My entry into cryonics has been 30 years before the Australian case.
I have been adamant in favour of cryonics since I first read about Trans
Time in the late nineteen sixties or early nineteen seventies.
I even tried unsuccessfully to talk Leonard Peikoff into freezing Ayn Rand
within hours of her death.
He threatened to call the police on me.

< This leads to the third
> question:
> 3- Why did not you write (in CryoNet) about your desire to build other
> service provider before the Australian case?
> Ramzy

My interest in building a life-extension center goes far back to the mid
nineteen seventies.

While on the board of directors of Trans Time in 1990/91 I even drew up
several plans for an earthquake proof, fire proof, storm proof and even
nuclear war proof cryonics facility.
The board finally decided to upgrade their present facility instead. I
understand they have since moved.
They could have had a state of the art facility and tourist attraction,
instead they apparently are not that big a storage provider any more.

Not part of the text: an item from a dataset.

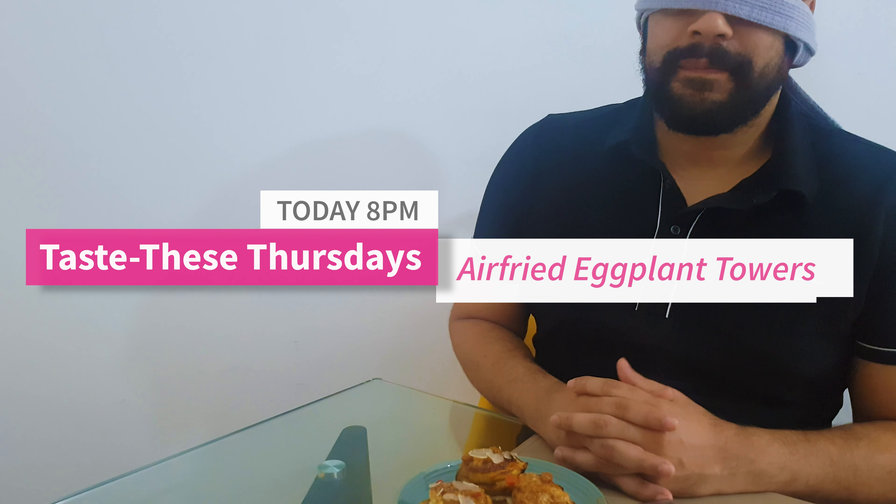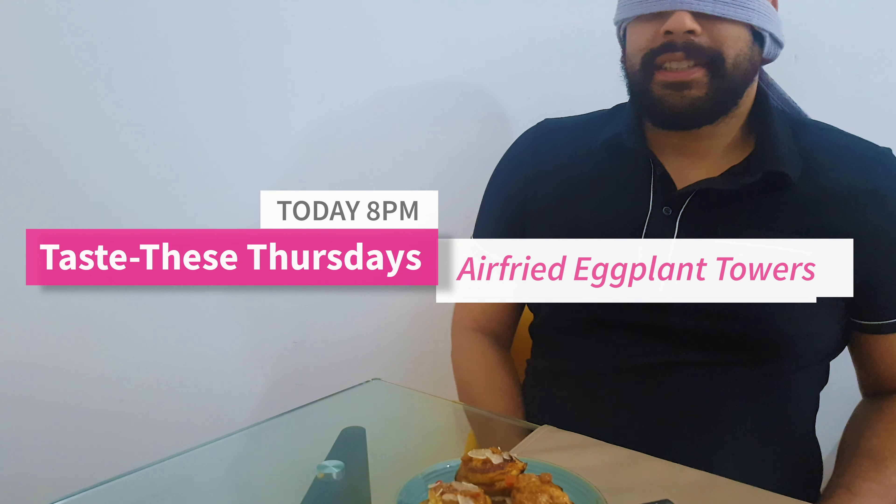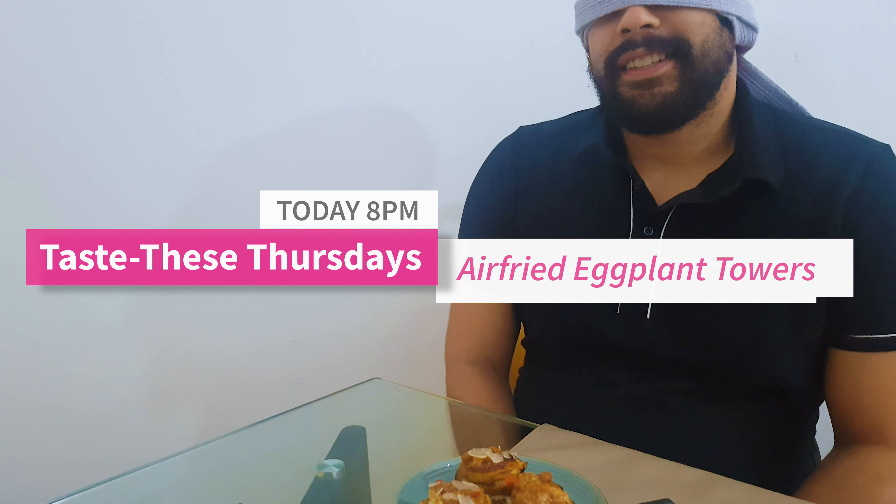Welcome back to Taste These Thursdays! How are you today? I'm good. Okay. Are you ready for some food adventures?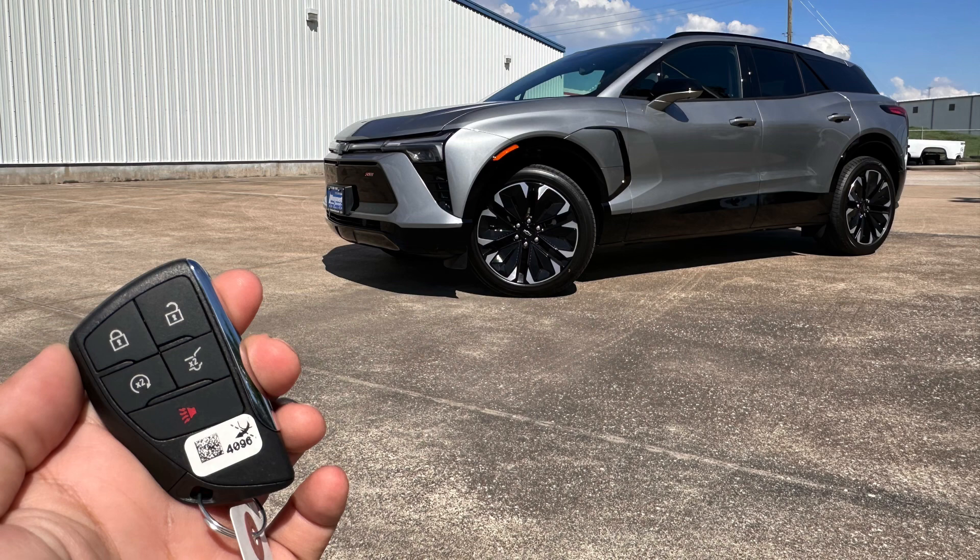You also have your drive modes — you have Normal, Sport, Snow, and My Mode. And finally you have My Chevrolet, Podcast, Google News, Waze, Spotify, and Amazon Alexa.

I then built a small residence, club cabin and cryonics storage facility in
Colorado, using the same technology.

I have over the years, so far unsuccessfully tried to get Bill Faloon
interested in using the same technology for his planned cryonics facility.
So once again: Bill if you use the vaulted thin shell reinforced concrete
technology from Formworks in Durango, http://www.formworksbuilding.com/
 you would get a much stronger structure, and have to spend far less on
concrete retaining walls and on concrete than your recent double wall box
structure design calls for.

Here in Norway I have taken entrepreneurship classes and enrolled in a
venture plan competition
two years in a row now. I will participate next year as well, with an
improved venture plan for how to set up a nuclear war proof life-extension
center, that will offer cryonic storage as well as be a health building
retreat and hospice. The idea is to try to restore peoples health, and when
that fails, to freeze them
(or at least to freeze the cryonisists among them).

Last fall my plans for a Norwegian cryonic facility was covered by a 4
minute prime time TV segment on our largest national TV station. This spring
it was covered by one of our largest monthly periodicals for men.

I am going ahead with these plans independent of the Australian case.
But having been in Elizabeth's situation myself once, or almost there, I
have decided to see what I can do.
So far I haven't taken any money from her at all (she has offered money
several times), and I won't take any either until I am sure that I actually
can do something worthwhile for the amount to be spent.